Wine tourism is something new in India. Google “wine tourism in India” and you get 2.98 million results — one indication of the booming interest in this little-known but fast-growing niche.
But what is “wine tourism”? If you’ve seen the movie Sideways (2004), you will have the perfect recipe for what wine tourism is all about: endless vistas of rolling hills planted with wine grapes; little wineries tucked away amidst these vineyards offering visitors a taste of their wines; space to discover yourself. Of course, in California the grapes are harvested in autumn, so both the ambience and the weather are great.
The reality in India is quite different — as the grape is harvested in February-April, the days can get quite hot towards the end. Nasik Valley is the only area with enough wineries to justify a visit.
While the drive up the ghats to Nasik is interesting, god forbid that you get caught in a jam or find yourself in the middle of a convoy tailing a container-carrier. Nasik is a dusty and crowded city, and one could drive for miles with nary a vineyard in sight.
The saving grace is Sula Vineyards, the only one really organised for wine tourism. They organise vineyard tours in January-March (a one-hour tour costs Rs 150), and also have a great tasting room (which gets quite crowded on weekends) and two lovely restaurants (Little Italy and Kareem’s) at their winery. There’s also a three-bedroom bungalow beyond, for those wanting to spend the night nearby (bookings, only for the whole bungalow at Rs 16,000/Rs 20,000, including vineyard tour, all meals and wine tasting). Call 99700-90010 or 0253-2230575 or check their website (www.sulawines.com) for more details.
Other wineries I know of in the area with a “walk-in” tasting facility are York Winery (96557-28070), also located on the shores of the picturesque Gangapur lake (not too far from Sula), and Renaissance Winery (Prajit — 92251-24624) on the Agra road.
Most other wineries do not have walk-in facilities, and accept visitors only by prior appointment — the ones worth visiting include Vintage Wines (Yatin Patil — 98226 84423) and Chateau D’Ori (Kailash Dhuru — 99200-53862).

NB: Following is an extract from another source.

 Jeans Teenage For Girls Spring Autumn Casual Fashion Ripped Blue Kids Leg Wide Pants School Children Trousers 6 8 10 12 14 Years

Lastly there’s the grand-daddy of them all: Chateau Indage, whose winery is on the Pune-Nasik road, but which does not encourage visitors, even though there is a wine bar-cum-restaurant on the main road, right at the winery gates where you can sample and buy their wines.
Then there’s Grover Vineyards, whose winery is some 40 km outside Bangalore, who also accept visitors only by prior appointment — you have to call Maitry Desai (93796-27175). All the other Karnataka-based wineries are too far away, near Bijapur, Belgaum, or Bidar, and none is as yet geared for visitors.
It will take years for wine tourism as known worldwide to develop in India, and right now those who can afford it head overseas, for the rest, there’s either the Nasik Valley or a long wait.
Wines I’ve been drinking:
The Four Seasons Barrique Reserve Cabernet Sauvignon 2008, with its distinctive gold label and inky red colour, is delicious. Loads of berries, mint and spice on the nose, this is a full-bodied wine with a smooth and fruity taste, and a good long finish. Rs 900 in Bangalore, Rs 800 in Mumbai, and only Rs 750 in Goa — enjoy!